#### Data shown
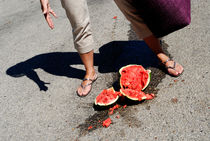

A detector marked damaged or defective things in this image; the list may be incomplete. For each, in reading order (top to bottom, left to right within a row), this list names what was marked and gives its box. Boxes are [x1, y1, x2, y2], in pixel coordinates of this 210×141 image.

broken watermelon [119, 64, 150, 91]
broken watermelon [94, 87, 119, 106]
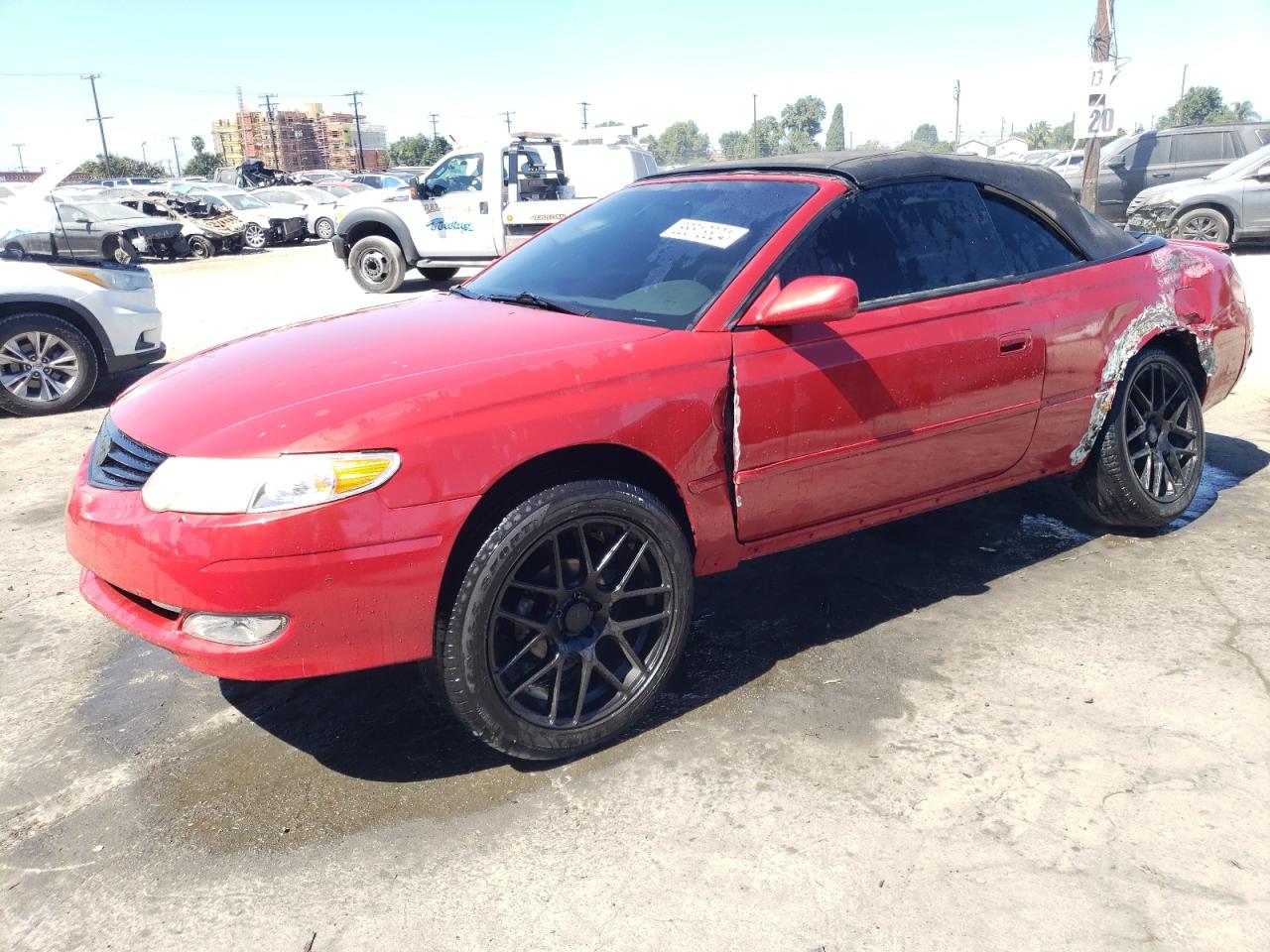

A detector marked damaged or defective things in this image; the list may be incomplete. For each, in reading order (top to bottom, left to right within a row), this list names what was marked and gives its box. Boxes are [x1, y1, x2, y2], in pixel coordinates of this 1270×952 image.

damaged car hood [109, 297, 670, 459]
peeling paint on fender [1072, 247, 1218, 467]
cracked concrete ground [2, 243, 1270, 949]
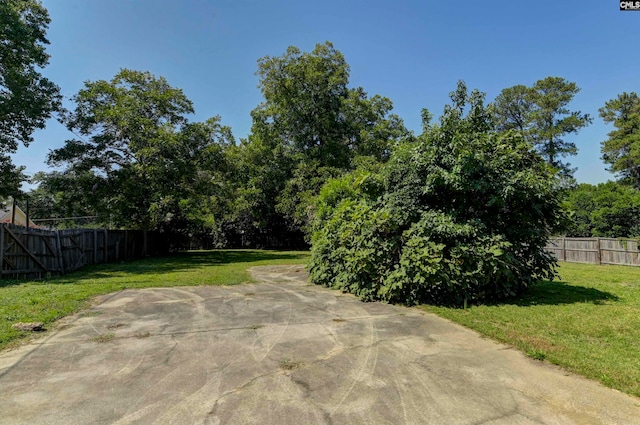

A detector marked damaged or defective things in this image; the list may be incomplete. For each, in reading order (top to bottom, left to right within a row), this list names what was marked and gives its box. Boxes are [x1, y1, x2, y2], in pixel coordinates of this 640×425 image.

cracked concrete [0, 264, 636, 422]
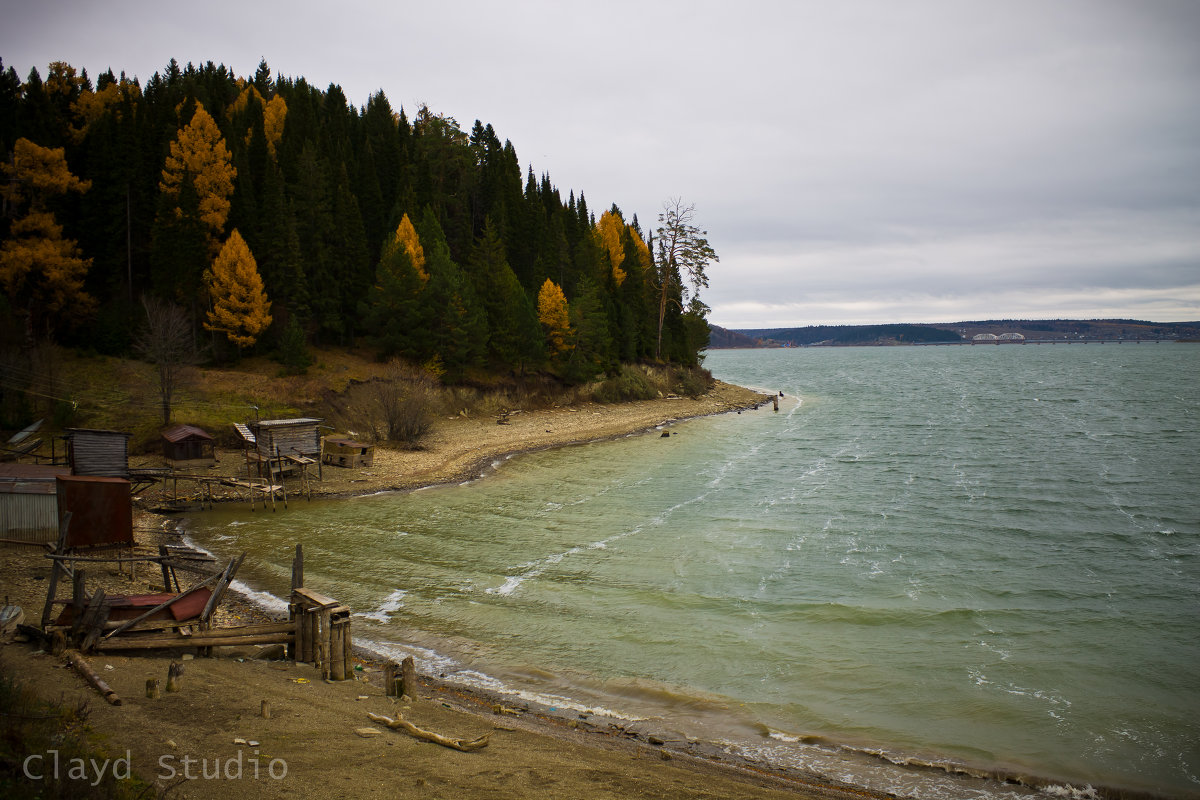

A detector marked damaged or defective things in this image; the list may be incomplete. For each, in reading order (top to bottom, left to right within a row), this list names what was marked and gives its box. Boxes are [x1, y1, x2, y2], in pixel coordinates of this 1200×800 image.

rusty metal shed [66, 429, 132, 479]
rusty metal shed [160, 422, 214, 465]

#### What is being asked
The answer is a portion of the data. Write out exactly the line with "this 1200×800 image." and all lines after it.

#### Solution to the problem
A detector marked damaged or defective things in this image; the list may be incomplete. For each, in reading order (top to bottom, left to right within a row), this list names what was marked and gives its box. Boxes are [x1, y1, x2, y2], in pixel coordinates of this 1200×800 image.

rusty metal shed [66, 429, 132, 479]
rusty metal shed [160, 422, 214, 465]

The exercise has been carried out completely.